There is a danger, however, in concluding that the failure of deterrence somehow means that NATO has lost its value. That would concede victory to Putin by rewarding him what he most dearly desires: the destruction of NATO, the weakening of America’s security presence in Europe, and the closing the alliance’s “open door” policy, after nearly 25 years, to those nations that want to join. To assume NATO’s diminishment or demise would also yield to Putin’s demands for more influence in Europe’s security architecture, which would only make Europe even less secure.
In fact, this may be the strongest NATO has been since 1991. Regarding Ukraine, NATO’s leaders expressed solidarity and unity in standing up to Putin’s threats. Apart from their consistent and coordinated warnings against a full-scale invasion, numerous NATO heads of state engaged Putin directly to try to avert the escalation of the war.
Since the beginning of the new Russian offensive, NATO’s unity has not faltered; its cohesion has strengthened. NATO met in an extraordinary summit and activated (for the first time on European territory) the 40,000-man NATO Response Force. As part of this NRF deployment, the United States and other member states are sending forces to protect the alliance’s easternmost neighbors, including the Baltics, Poland, and Romania. Individual NATO member states are facilitating humanitarian assistance to displaced Ukrainians, and some—including, in a surprising reversal of longstanding policy, Germany—are also providing military aid to Ukraine.

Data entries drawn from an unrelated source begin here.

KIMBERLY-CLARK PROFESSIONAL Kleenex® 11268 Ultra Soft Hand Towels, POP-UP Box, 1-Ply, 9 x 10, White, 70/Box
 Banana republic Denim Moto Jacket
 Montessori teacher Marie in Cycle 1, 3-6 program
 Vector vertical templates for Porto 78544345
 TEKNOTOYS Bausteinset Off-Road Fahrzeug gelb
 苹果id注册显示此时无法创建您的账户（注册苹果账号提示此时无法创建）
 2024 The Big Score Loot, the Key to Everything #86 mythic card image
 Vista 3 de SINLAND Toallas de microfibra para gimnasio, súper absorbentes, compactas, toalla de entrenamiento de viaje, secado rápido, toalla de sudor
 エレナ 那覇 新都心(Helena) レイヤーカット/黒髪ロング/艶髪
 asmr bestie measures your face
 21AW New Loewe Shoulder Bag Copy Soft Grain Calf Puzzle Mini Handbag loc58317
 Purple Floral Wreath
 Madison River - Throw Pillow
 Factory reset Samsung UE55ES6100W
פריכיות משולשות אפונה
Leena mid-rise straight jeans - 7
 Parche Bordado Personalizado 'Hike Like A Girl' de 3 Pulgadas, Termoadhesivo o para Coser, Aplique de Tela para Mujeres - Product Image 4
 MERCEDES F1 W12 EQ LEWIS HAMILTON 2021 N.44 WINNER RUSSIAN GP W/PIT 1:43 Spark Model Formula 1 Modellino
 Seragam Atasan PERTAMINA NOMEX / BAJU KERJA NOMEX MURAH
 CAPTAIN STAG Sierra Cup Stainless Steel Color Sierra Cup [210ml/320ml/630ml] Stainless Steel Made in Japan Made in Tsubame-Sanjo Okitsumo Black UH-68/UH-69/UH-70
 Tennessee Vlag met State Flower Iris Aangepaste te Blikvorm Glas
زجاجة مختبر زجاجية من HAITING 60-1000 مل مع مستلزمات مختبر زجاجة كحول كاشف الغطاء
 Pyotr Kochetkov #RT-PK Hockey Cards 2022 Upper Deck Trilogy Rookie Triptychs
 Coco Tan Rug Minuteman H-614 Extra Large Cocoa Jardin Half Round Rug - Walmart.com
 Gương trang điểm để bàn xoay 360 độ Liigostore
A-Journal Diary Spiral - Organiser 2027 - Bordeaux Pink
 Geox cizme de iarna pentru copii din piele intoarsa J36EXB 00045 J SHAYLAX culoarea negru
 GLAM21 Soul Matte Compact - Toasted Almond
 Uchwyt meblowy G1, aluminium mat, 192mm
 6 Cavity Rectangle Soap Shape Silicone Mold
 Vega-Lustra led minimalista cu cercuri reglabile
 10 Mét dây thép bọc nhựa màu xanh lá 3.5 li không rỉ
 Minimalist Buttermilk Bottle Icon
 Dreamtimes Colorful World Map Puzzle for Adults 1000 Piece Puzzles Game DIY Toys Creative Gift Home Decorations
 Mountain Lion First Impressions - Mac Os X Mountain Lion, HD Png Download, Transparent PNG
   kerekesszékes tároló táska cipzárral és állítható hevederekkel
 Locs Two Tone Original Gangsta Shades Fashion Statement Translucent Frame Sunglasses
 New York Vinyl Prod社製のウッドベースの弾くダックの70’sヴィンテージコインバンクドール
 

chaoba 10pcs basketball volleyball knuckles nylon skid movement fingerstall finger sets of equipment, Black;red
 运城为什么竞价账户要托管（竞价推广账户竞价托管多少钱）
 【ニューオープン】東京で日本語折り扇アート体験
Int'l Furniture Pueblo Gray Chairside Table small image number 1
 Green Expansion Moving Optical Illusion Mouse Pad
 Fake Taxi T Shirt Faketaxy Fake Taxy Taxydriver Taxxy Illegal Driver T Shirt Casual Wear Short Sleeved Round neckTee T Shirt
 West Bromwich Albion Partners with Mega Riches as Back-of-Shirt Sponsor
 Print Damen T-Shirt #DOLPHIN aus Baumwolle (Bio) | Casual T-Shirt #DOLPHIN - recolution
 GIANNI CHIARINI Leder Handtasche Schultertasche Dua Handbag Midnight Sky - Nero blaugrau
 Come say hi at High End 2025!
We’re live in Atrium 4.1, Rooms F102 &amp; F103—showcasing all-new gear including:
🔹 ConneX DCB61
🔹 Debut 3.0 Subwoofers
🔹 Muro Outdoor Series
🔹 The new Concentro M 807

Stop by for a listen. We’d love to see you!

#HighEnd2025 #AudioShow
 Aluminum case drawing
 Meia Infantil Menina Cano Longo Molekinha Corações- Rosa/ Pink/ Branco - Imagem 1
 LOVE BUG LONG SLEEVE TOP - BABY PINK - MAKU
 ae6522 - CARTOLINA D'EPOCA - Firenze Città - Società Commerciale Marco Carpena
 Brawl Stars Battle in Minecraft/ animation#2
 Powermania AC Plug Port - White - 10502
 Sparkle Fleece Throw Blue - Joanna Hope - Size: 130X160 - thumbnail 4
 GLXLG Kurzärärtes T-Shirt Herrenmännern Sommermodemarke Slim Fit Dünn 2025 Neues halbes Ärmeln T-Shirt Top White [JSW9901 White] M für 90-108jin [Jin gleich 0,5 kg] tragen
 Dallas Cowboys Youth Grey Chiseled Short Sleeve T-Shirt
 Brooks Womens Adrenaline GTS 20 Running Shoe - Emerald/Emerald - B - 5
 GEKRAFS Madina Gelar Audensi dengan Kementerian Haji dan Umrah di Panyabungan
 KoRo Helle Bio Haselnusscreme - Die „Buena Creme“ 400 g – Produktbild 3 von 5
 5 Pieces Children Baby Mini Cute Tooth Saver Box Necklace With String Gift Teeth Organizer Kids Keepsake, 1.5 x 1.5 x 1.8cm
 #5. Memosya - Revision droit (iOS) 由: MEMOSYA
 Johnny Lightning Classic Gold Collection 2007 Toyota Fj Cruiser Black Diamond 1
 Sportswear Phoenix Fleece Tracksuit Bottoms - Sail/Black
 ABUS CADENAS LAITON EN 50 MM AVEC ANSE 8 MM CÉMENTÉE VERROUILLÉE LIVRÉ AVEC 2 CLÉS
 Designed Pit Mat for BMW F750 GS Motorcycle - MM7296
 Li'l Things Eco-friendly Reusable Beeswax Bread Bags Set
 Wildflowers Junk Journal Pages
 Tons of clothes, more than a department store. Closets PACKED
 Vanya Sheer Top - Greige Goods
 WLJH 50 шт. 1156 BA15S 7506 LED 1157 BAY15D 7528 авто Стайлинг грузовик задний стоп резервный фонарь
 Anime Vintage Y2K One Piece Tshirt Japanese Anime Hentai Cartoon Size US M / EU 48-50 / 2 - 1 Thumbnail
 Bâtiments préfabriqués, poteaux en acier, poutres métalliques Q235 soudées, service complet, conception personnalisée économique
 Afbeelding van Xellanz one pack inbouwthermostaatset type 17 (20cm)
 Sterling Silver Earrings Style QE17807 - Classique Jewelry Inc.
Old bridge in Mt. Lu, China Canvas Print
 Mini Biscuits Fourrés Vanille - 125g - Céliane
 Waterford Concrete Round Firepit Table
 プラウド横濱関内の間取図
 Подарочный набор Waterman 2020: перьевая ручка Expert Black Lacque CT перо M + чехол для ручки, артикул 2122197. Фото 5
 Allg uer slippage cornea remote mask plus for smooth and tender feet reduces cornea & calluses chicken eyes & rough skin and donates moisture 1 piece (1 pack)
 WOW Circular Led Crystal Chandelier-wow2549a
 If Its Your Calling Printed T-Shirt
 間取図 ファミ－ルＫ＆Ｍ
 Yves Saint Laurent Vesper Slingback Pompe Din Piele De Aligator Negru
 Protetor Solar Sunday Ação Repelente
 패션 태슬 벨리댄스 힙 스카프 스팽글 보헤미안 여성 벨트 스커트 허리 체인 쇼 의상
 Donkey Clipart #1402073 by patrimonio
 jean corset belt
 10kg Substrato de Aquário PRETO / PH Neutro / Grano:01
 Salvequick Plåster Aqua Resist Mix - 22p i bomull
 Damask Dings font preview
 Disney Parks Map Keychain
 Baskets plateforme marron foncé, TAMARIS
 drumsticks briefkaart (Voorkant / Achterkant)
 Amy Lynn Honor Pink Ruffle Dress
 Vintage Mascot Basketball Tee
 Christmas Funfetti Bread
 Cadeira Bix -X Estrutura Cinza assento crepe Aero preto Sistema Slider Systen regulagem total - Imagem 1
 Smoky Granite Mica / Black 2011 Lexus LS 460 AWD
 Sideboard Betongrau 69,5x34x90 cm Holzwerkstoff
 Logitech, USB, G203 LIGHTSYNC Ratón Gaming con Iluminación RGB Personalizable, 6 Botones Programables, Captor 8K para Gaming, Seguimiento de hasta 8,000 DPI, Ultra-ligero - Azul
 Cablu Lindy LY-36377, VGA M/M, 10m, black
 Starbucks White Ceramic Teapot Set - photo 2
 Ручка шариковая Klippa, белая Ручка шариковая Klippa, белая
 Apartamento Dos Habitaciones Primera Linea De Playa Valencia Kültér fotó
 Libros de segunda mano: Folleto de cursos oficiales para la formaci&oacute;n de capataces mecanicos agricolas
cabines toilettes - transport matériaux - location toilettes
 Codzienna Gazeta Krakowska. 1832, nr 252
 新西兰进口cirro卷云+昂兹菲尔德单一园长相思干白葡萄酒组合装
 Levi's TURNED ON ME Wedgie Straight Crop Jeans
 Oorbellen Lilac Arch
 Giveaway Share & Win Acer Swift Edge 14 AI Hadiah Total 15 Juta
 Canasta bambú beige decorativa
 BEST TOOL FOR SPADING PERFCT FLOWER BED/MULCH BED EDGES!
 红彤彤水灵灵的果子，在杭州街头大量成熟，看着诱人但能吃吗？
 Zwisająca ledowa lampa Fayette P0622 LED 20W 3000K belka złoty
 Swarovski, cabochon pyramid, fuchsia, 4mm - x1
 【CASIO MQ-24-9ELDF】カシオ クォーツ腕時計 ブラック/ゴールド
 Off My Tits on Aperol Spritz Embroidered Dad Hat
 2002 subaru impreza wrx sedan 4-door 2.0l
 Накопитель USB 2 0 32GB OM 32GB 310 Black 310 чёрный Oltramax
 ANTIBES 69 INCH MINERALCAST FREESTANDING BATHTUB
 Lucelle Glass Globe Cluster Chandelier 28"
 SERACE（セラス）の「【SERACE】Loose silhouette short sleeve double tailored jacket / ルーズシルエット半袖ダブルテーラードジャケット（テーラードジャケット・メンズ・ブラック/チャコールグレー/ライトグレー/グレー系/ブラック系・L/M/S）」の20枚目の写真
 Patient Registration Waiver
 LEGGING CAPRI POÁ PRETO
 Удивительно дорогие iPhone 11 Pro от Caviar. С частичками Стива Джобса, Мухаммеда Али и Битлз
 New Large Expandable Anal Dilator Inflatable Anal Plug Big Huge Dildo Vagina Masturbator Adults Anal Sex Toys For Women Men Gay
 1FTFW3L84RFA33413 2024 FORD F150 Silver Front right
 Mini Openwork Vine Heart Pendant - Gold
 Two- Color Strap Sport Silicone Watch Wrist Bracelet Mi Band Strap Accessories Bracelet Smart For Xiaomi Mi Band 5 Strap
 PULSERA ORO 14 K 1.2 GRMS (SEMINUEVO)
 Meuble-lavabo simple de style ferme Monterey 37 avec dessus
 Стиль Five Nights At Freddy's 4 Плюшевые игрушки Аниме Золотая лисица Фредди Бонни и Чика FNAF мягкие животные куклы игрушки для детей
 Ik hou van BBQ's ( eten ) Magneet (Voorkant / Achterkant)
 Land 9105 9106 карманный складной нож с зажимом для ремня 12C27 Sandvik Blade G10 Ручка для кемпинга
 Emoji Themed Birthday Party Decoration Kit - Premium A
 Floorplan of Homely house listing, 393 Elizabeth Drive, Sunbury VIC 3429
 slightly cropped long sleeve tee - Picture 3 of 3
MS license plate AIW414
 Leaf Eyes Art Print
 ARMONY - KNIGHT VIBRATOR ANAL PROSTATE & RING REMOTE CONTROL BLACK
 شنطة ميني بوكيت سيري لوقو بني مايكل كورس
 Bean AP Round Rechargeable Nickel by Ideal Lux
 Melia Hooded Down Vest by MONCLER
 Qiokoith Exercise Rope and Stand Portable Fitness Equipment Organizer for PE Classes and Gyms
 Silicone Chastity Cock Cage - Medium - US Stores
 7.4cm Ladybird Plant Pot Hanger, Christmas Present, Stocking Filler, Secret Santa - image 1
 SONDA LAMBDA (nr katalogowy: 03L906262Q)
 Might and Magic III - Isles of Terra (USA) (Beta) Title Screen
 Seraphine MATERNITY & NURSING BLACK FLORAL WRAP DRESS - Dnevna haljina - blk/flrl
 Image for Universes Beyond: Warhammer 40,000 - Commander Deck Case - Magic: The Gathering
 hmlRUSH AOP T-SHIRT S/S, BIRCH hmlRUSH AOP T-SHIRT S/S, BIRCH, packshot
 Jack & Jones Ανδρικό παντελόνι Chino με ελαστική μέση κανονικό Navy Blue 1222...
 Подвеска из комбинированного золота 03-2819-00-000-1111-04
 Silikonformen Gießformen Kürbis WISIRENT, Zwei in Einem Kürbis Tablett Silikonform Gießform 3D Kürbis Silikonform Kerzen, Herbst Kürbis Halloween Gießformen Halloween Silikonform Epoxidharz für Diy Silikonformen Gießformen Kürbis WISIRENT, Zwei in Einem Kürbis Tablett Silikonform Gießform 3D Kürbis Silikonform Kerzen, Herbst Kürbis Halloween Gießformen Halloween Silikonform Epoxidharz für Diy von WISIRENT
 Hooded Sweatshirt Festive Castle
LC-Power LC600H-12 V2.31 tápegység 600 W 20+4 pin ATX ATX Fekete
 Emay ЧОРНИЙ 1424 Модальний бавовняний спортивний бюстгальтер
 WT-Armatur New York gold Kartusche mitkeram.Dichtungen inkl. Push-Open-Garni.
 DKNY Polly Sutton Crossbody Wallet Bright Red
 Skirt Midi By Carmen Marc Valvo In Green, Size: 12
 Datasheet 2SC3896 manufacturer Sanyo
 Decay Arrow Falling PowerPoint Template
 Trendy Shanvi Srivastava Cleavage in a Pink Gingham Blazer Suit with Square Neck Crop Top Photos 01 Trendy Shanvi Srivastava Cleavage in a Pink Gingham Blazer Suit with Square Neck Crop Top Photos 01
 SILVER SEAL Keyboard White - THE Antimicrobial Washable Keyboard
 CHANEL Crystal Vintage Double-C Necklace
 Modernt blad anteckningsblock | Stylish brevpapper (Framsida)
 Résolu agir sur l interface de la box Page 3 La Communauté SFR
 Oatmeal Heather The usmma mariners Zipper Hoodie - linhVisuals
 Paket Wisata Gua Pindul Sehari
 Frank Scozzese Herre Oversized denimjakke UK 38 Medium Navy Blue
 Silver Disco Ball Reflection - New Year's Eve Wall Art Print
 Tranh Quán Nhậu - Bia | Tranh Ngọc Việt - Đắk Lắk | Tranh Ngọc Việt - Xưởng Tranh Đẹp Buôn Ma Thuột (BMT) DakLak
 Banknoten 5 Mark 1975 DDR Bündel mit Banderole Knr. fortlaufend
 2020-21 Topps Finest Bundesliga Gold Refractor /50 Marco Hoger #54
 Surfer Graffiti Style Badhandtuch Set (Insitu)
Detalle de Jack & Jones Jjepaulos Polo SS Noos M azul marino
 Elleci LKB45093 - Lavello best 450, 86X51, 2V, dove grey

None of this means that NATO has decided to move beyond its borders. Collectively, the organization decided weeks ago that it would not intervene directly in a Russia-Ukraine conflict. As a result, some critics are arguing NATO has failed Ukraine. This is based on a misunderstanding of NATO’s obligations to its non-member partners. NATO is a membership organization. The ultimate strength of NATO is its security guarantee written into Article 5 of its founding Treaty. Article 5 simply but powerfully states that an attack on one member is considered an attack on all members. This commitment contributed to the West’s victory over the Soviet Union in the Cold War and has helped to maintain peace and stability as well as encouraged democracy and economic reforms across Europe since 1991.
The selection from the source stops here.